LA CONCLUSIÓN DE HABACUC[1]

“Aunque la higuera no florezca, ni en las vides haya frutos, aunque falte el producto del olivo, y los labrados no den mantenimiento, y las ovejas sean quitadas de la majada, y no haya vacas en los corrales; con todo, yo me alegraré en Jehová y me gozaré en el Dios de mi salvación. Jehová el Señor es mi fortaleza” (Hab. 3:17-19).
Cuando clamamos a Dios y Él responde haciendo todo lo contrario a lo que le hemos pedido, la revelación de la gloria de Dios en su Palabra es lo que despeja nuestras dudas. Esta revelación fue la respuesta a la perplejidad del profeta frente al mal que se avecinaba. Su primera reacción fue temor ante la grandeza de la potencia de Dios, pero finalmente le condujo a la paz. Cuando captamos el soberano control de Dios sobre todas las cosas tenemos paz. En medio de las tormentas la experiencia personal de la grandeza de Dios nos tranquiliza. Nos conduce al descanso. El profeta dice: “Debo esperar quieto el día de la adversidad, cuando el pueblo que nos ha de invadir suba con sus tropas” (3:16). Será un día terrible de destrucción y muerte, pero Dios usará esta invasión como un paso en la restauración de Israel. Después del quebranto viene la salvación.
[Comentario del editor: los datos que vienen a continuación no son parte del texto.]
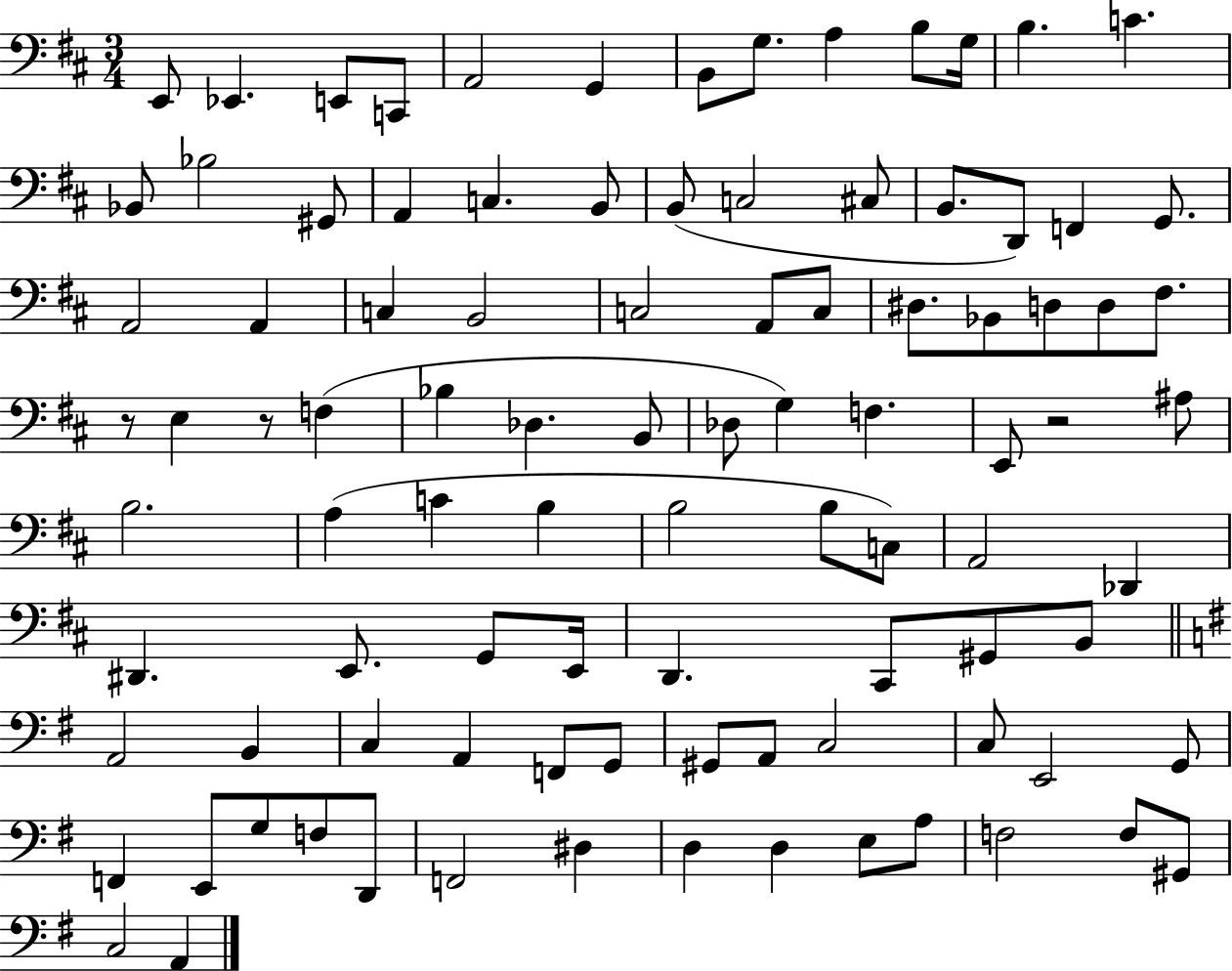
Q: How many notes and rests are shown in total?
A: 96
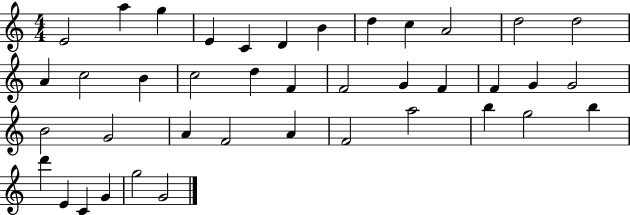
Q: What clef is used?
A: treble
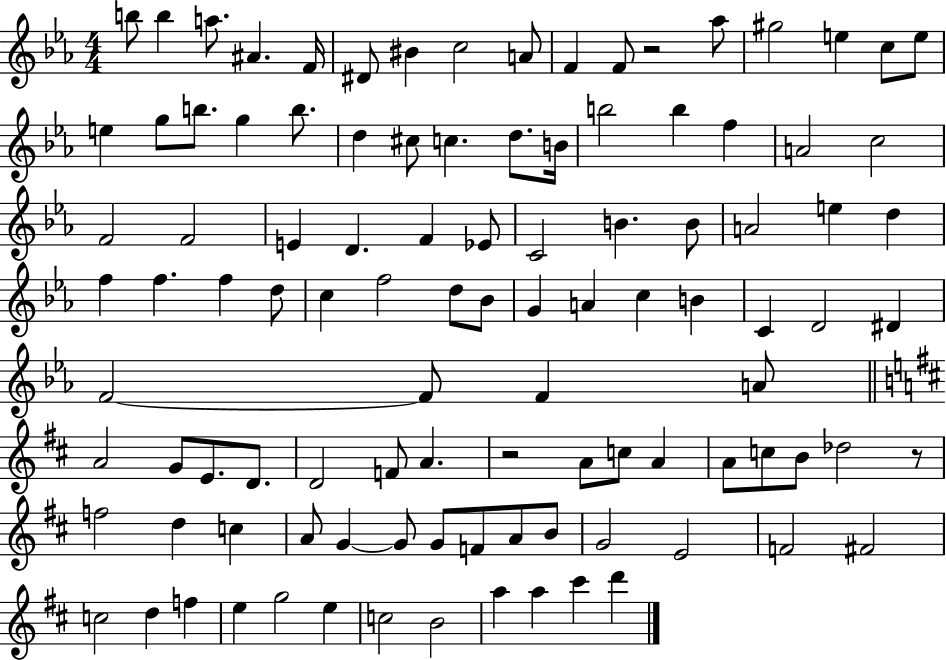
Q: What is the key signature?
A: EES major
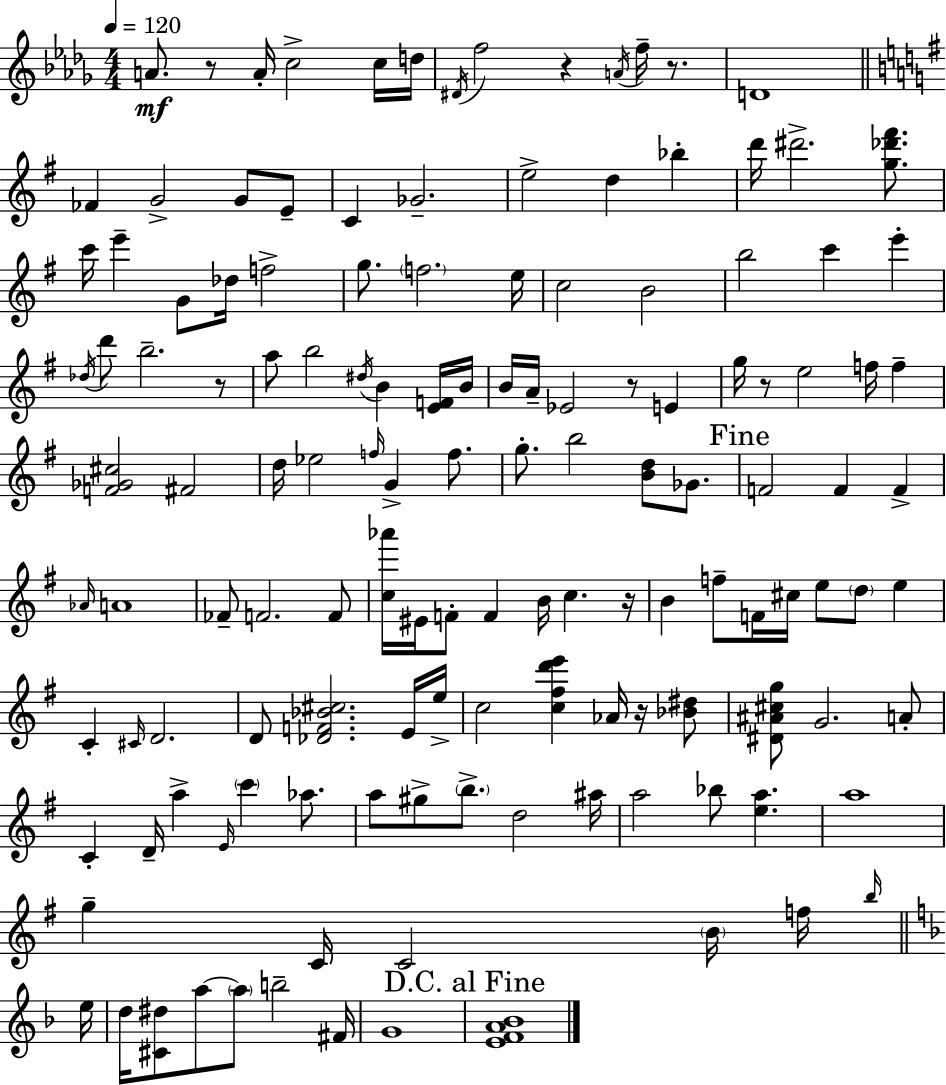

El futuro inmediato era devastador. Para los sobrevivientes de la guerra se preveía muerte de hambre. La economía de Israel era agraria. Dependían del vino, el aceite, el trigo y del ganado. Cuando el ejército invasor terminaba la matanza, arrancaba las viñas, quemaba los campos, cortaba los olivos, y mataba el ganado. Los que salían de sus escondites encontraban que no quedaba nada. Mejor les habría sido la rápida muerte de espada que la lenta muerte de hambre. En este contexto el profeta dice: “Aunque la higuera no florezca, y en las vides hay fruto, aunque falte el producto del olivo y los campos no produzcan alimento, aunque se acaben las ovejas del redil y no hay vacas en los establos, con todo, yo me alegraré en Jehová” (v. 17, 18). Iban a venir sobre Israel los castigos prometidos por su rebeldía (Deut. 28). Lo que sostiene al profeta es saber que después del juicio viene la salvación. Por lo tanto, puede afrontar la devastación que viene con alegría y regocijo.
Podría haberse hundido, pero se fortalece en el hombre interior y da expresión a su fe. La visión del Dios soberano le sostiene: “Tú eres el Dios de mi salvación” (Salmo 25:5). “Jehová es mi luz y mi salvación, ¿De quién temeré? Jehová es la fortaleza de mi vida, ¿de quién he de atemorizarme? Aunque contra mí se levante guerra, yo estaré confiado” (Salmo 27:1, 3). “Dios es nuestro amparo y fortaleza, nuestro pronto auxilio en las tribulaciones. Por tanto, no temeremos aunque la tierra sea removida, y los montes de derrumben en el corazón del mar” (Salmo 46:1, 2). “He aquí Dios es mi salvación; me aseguraré y no temeré, porque mi fortaleza y cántico es Jehová, y él fue mi salvación” (Is. 12:2). Las palabras de Miqueas son menos eufóricas, pero expresan una fe real: “¡Ay de mí!… Pero miraré a Jehová, esperaré en el Dios de mi salvación. ¡Mi Dios me escuchará! ¡Oh enemigo mío! Aunque caiga, me levantaré, aunque esté sentado en las tinieblas, Jehová será mi luz. Concederá a Jacob la fidelidad, y a Abraham tu misericordia, tal como juraste a nuestros padres desde los días de la antigüedad” (Mi. 7:1, 7, 8, 20. Lee todo el capítulo 7 de Miqueas. No tiene desperdicio). El futuro inmediato puede ser oscuro, pero a largo plazo es hermoso.